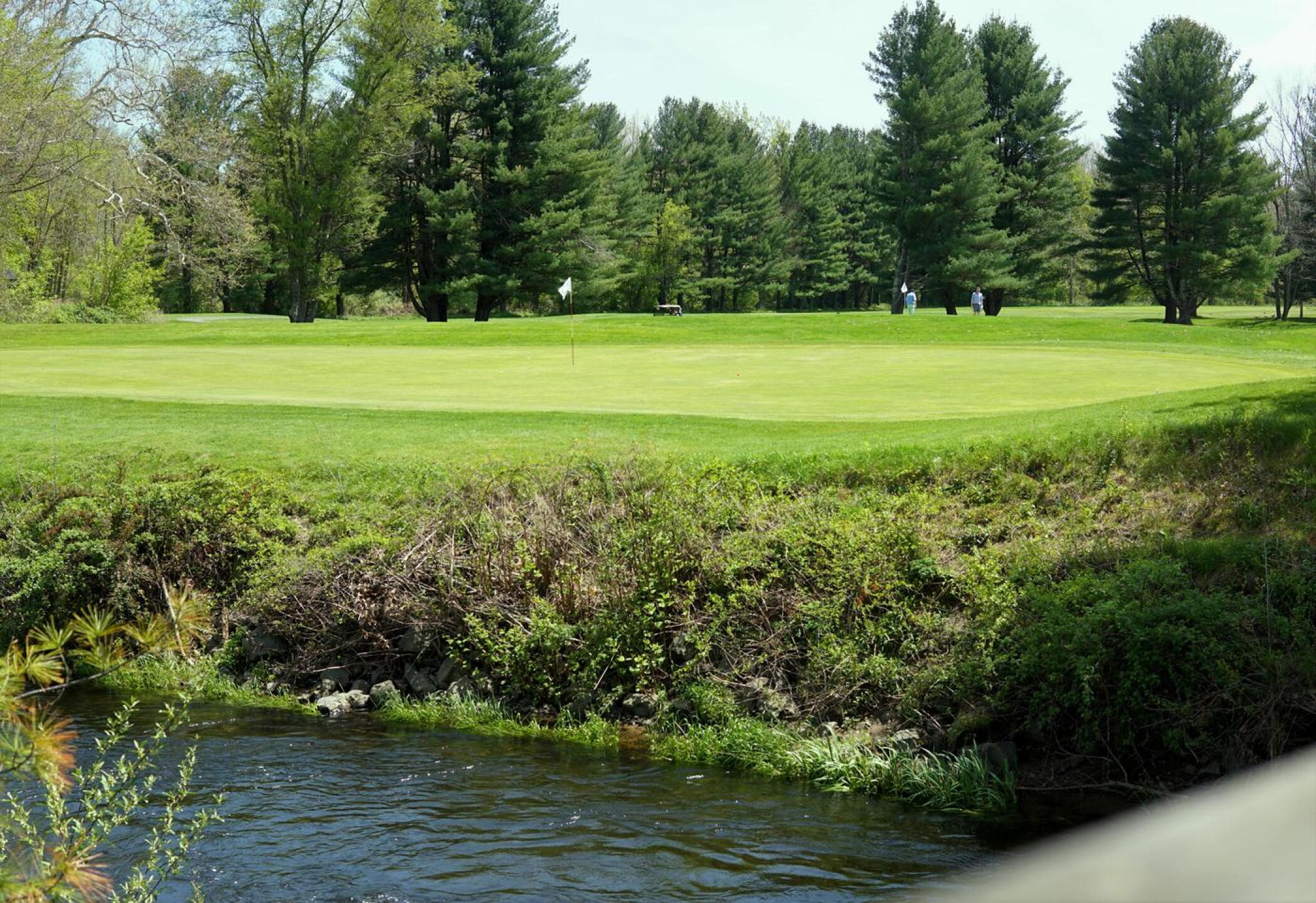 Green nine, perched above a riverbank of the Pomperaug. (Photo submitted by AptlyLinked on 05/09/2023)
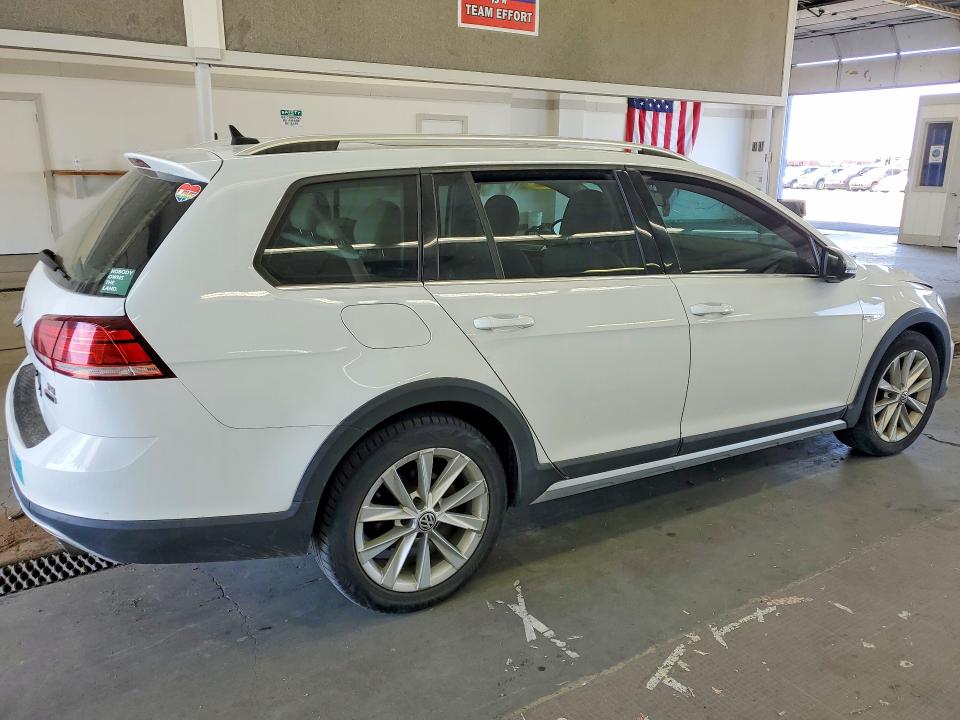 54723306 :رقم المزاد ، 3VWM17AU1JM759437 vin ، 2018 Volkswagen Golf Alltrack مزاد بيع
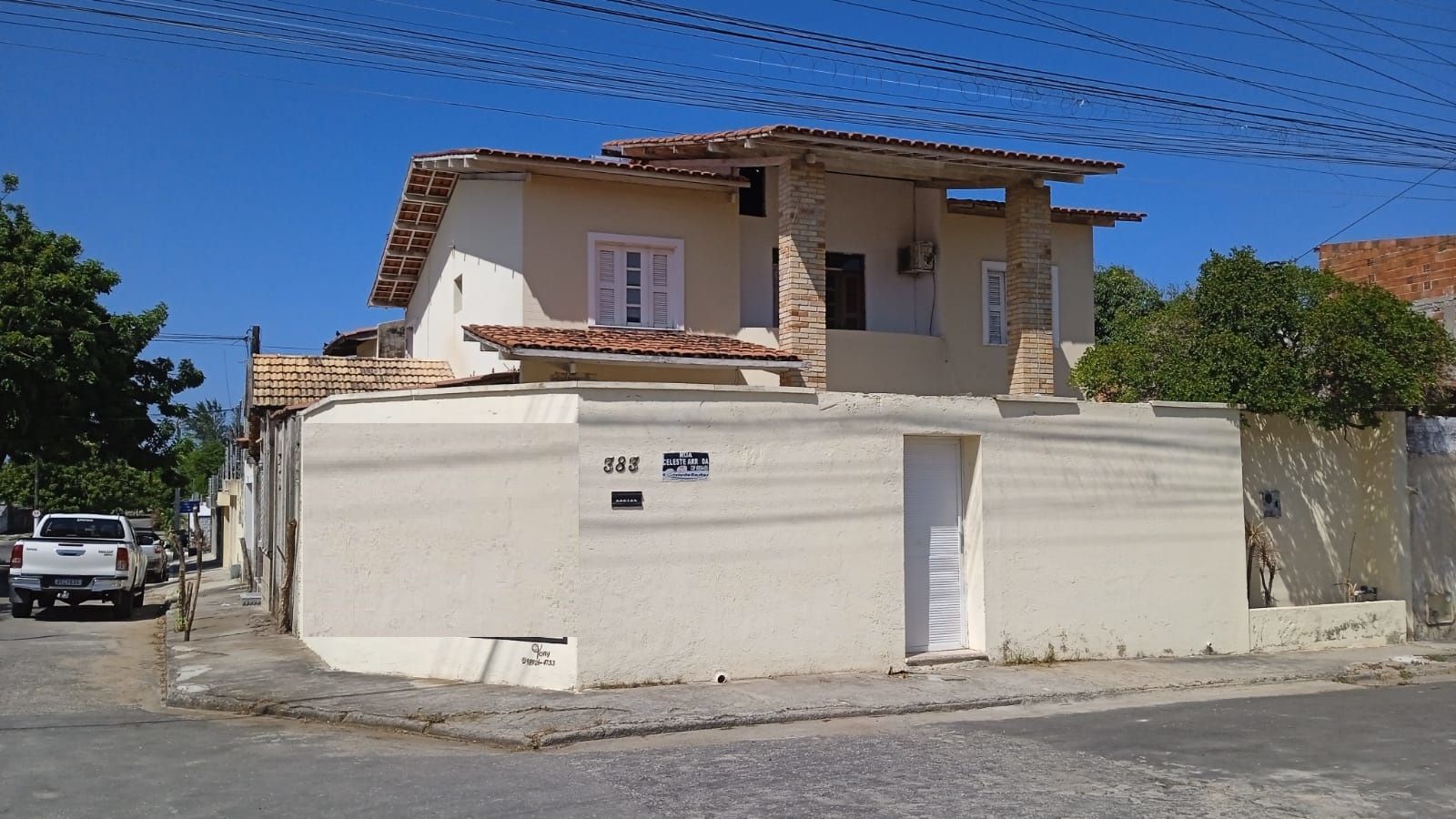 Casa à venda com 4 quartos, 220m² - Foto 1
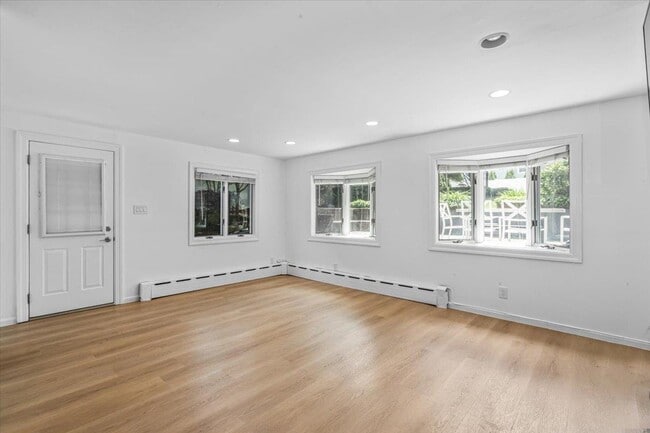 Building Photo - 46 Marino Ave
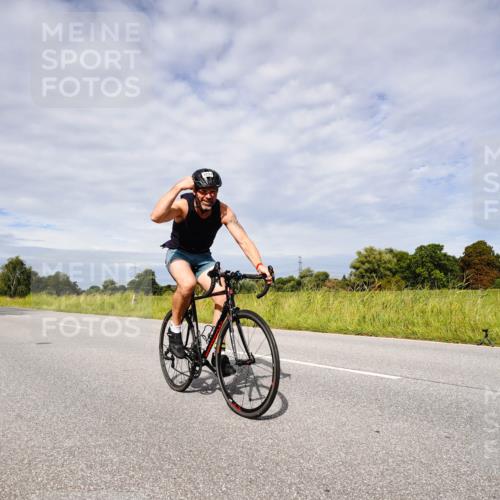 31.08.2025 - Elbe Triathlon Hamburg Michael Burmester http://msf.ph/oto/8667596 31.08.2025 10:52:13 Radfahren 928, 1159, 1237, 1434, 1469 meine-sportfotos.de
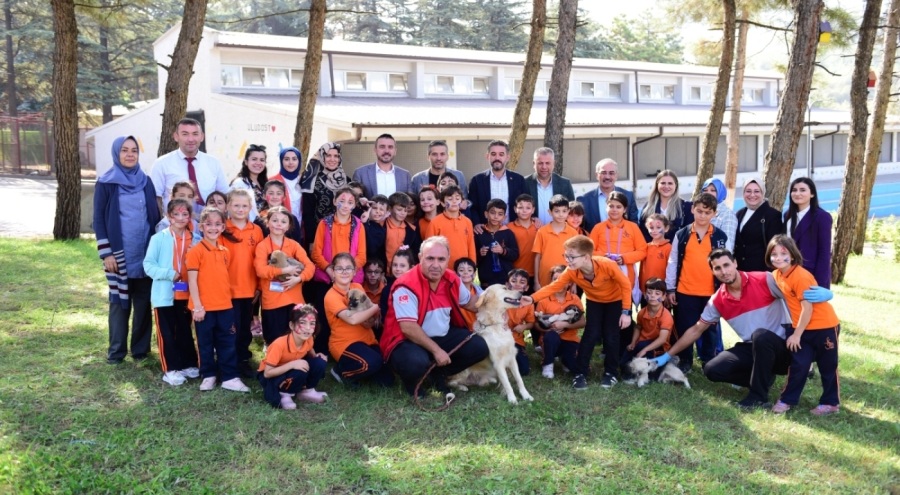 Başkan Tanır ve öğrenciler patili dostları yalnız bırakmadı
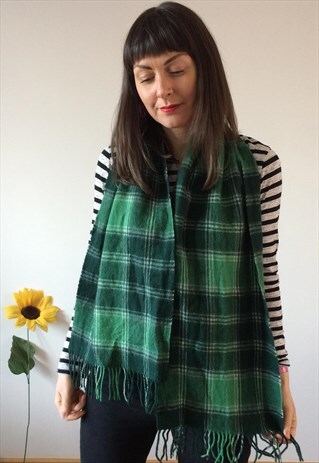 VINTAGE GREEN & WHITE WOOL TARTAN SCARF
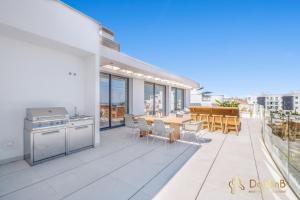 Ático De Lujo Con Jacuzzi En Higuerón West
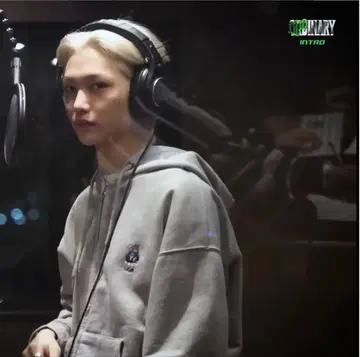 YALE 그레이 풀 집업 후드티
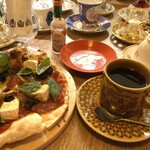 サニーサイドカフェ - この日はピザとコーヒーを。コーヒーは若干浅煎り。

- _Problem statement_: Could the listing above be transcribed exactly, with the pictures left out?

- _Solution_:
 Green nine, perched above a riverbank of the Pomperaug. (Photo submitted by AptlyLinked on 05/09/2023)
 54723306 :رقم المزاد ، 3VWM17AU1JM759437 vin ، 2018 Volkswagen Golf Alltrack مزاد بيع
 Casa à venda com 4 quartos, 220m² - Foto 1
 Building Photo - 46 Marino Ave
 31.08.2025 - Elbe Triathlon Hamburg Michael Burmester http://msf.ph/oto/8667596 31.08.2025 10:52:13 Radfahren 928, 1159, 1237, 1434, 1469 meine-sportfotos.de
 Başkan Tanır ve öğrenciler patili dostları yalnız bırakmadı
 VINTAGE GREEN & WHITE WOOL TARTAN SCARF
 Ático De Lujo Con Jacuzzi En Higuerón West
 YALE 그레이 풀 집업 후드티
 サニーサイドカフェ - この日はピザとコーヒーを。コーヒーは若干浅煎り。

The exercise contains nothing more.